Во-вторых, по своему происхождению я принадлежал к правящему классу. Я, право, в этом не виноват, так же как и в том, что моя юность оказалась для меня любящей, заботливой матерью. Дети, как известно, не вольны выбирать себе родителей, впрочем, если бы мне даже и представился подобный необыкновенный случай, я бы им не воспользовался.

В-третьих, я стремился говорить о событиях и людях так, как я воспринимал их в то время. Правда, мне не всегда это удавалось, но иначе поступать я не мог. А мы знаем, что в юном возрасте многое представляется нам не так, как в зрелом. Всякого мальчишку пленяет героика войны, а не ее ужасы, фееричность стихийного бедствия, а не его печальные последствия и т. д.
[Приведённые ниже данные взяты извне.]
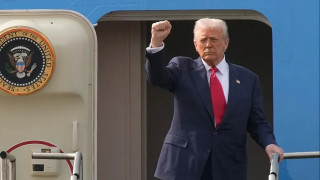 Τραμπ: «Συνεχίζεται ο ναυτικός αποκλεισμός του Ιράν»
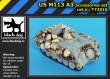 1/72 US M113 A3 accessories set (TRUMP)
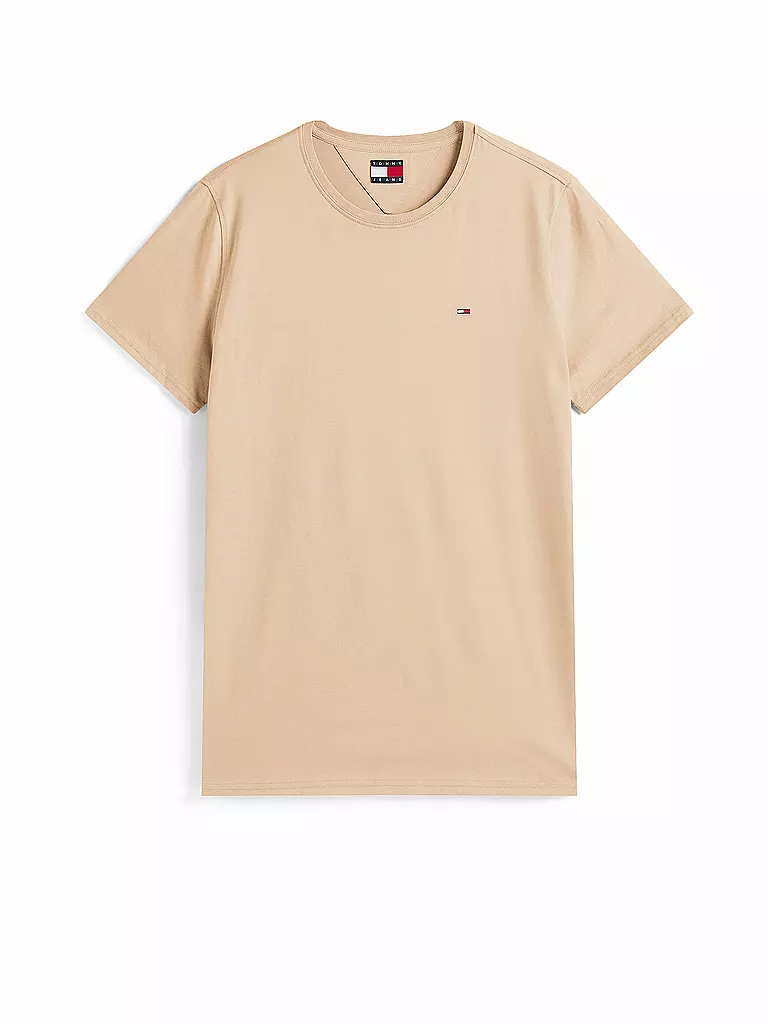 TOMMY JEANS | T-shirt | Beige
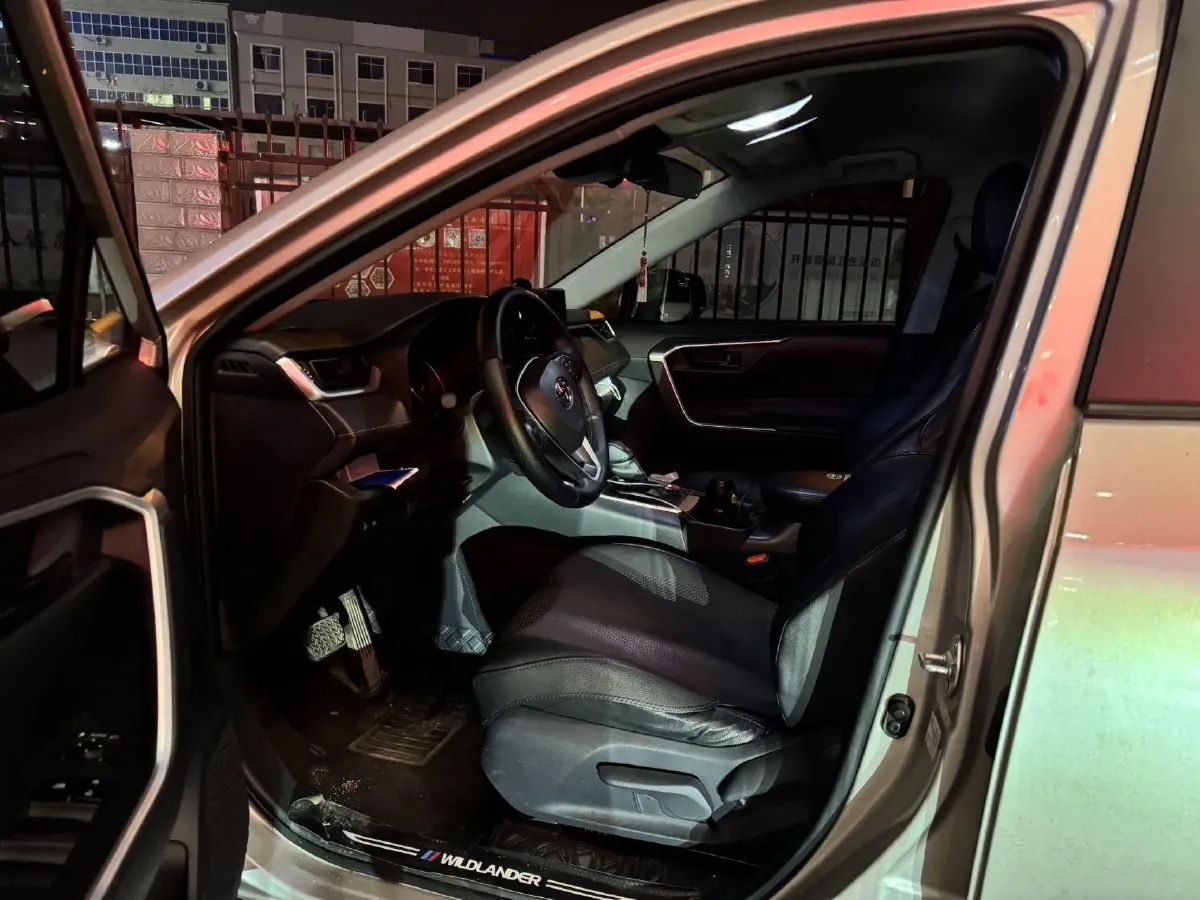 2024 Toyota Wildlander 2.0L 171HP L4 CVT,autocango,china used car exporter,china ev exporter,chinese used car exporter,chinese used ev exporter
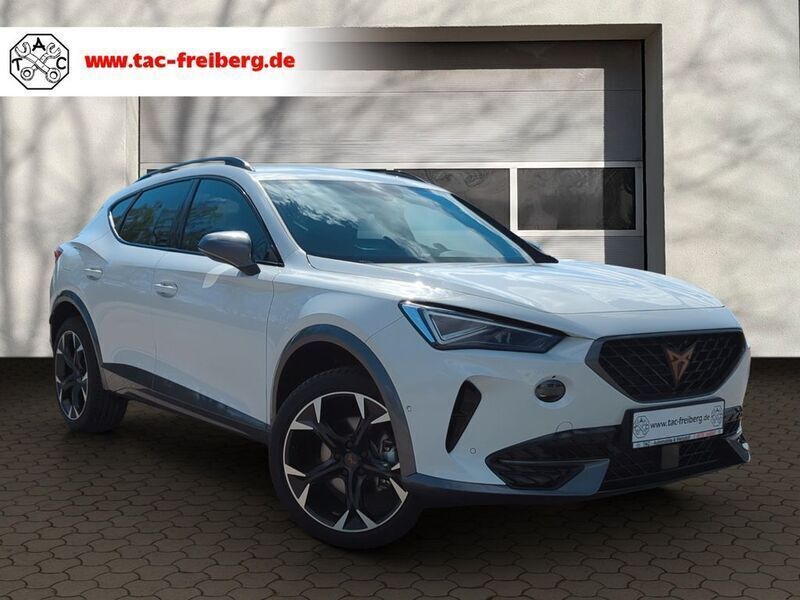 "candy" weiss Gebraucht 2023 Cupra Formentor SUV | 29.990 € (Fairer Preis) - Bild 1/4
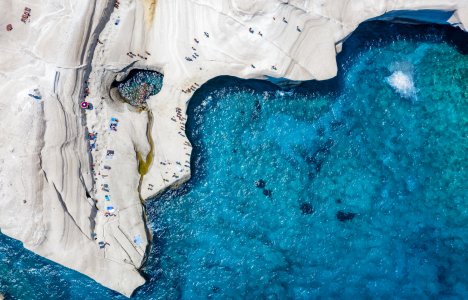 Η ελληνική παραλία που μπήκε στη λίστα του Lonely Planet με τις καλύτερες του κόσμου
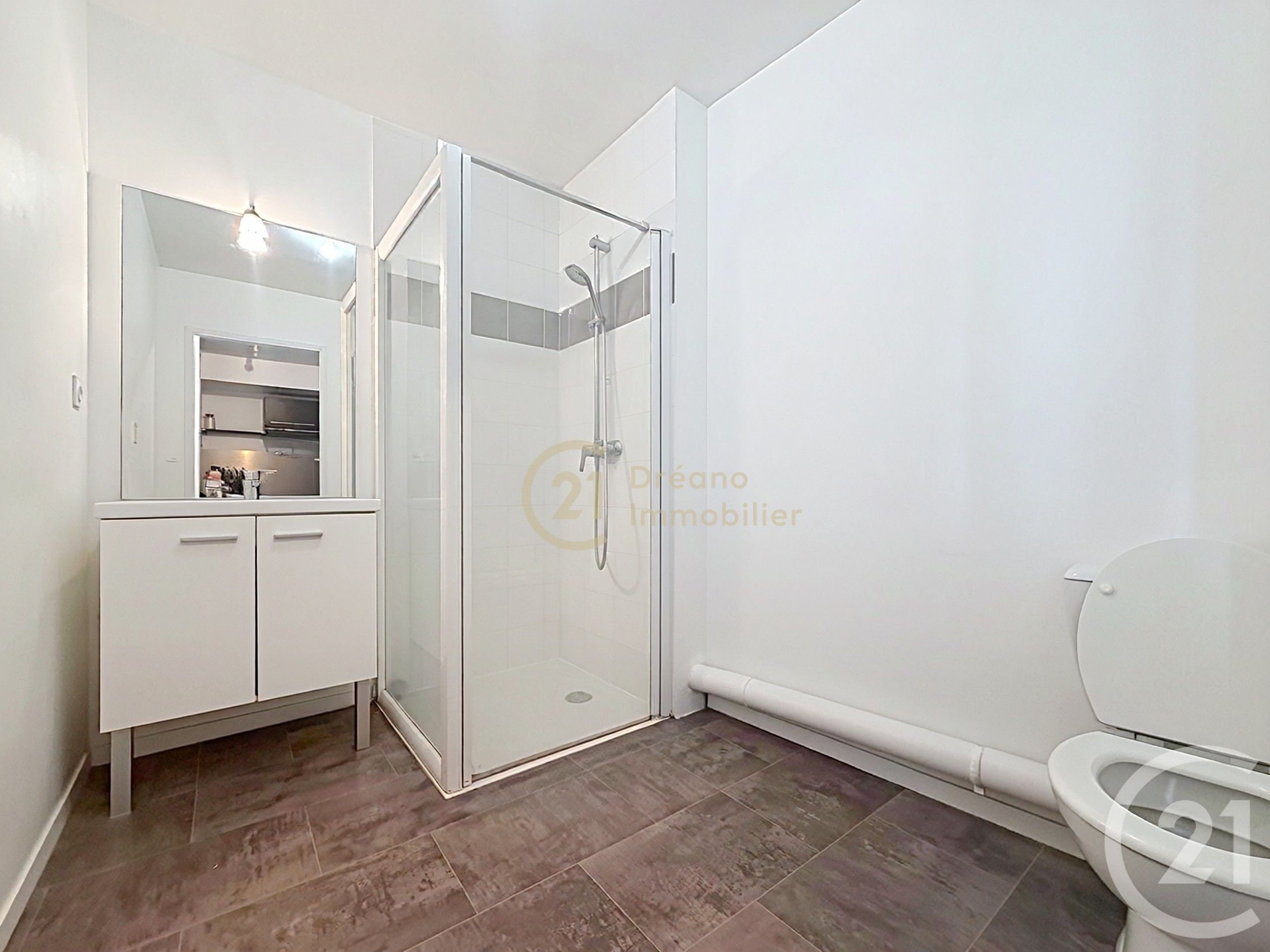 Appartement Rue de Nantes à Rennes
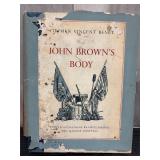 1954 illustrated hardcover edition of John Brown's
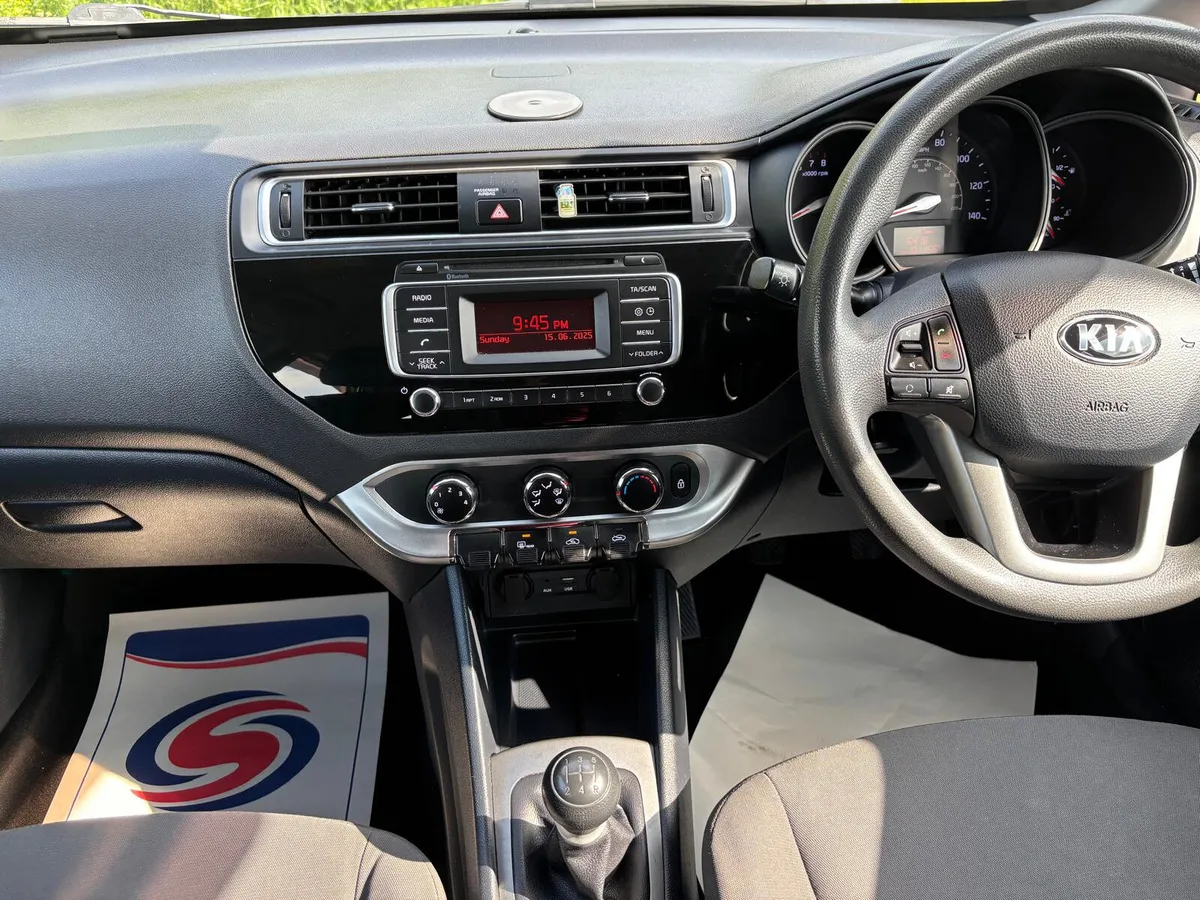 Kia Rio 2015 - Image 3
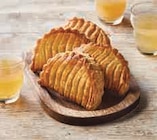 Promo Chaussons aux pommes à 3,04 € dans le catalogue U Express à Saint-Denis-de-l'Hôtel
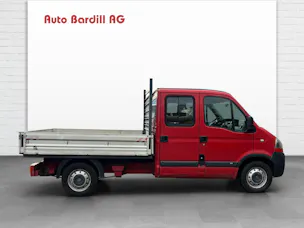 OPEL Movano DKab.-Ch. 3.5 t L2 2.5 CDTI 120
В-четвертых, я руководился тем соображением, что наш советский читатель достаточно хорошо умеет сопоставлять факты и делать из них соответствующие выводы. Он уже вышел из того возраста, когда ему надо было все толковать и обязательно выводить мораль. Теперь он уже легко и без этого увидит между строк написанного и пустоту жизни тогдашнего «избранного круга» людей, и все уродливые стороны действительности того времени, сколь бы припудрены они ни были патриархальными традициями.

Что же касается идеализации отдельных личностей, то в этом отношении я всегда предпочитал и предпочитаю думать о людях лучше, чем, может быть, они есть на самом деле. Весьма возможно, что это и неверно, но с этим я и умру.

Несколько строк о написанном мною. Предлагаемое — лишь первая часть моих воспоминаний. Для того, чтобы их закончить, надо написать еще таких же книги четыре. Удастся ли мне это — не знаю.

Ведь кто-то как-то заметил, что люди начинают писать свои мемуары в двух случаях — либо в моменты сильного нервного напряжения, как в моем случае, либо когда им от жизни уже нечего ждать, ну а я еще не сложил оружия и продолжаю ждать много интересного в будущем.

Все, о чем рассказывается в этой первой части, несмотря на незначительный срок, отодвинулось так далеко назад, что стало чем-то фантастическим и еле различимым. Это и побудило меня назвать первую книгу моих воспоминаний древним русским геральдическим термином «Из мрака времен».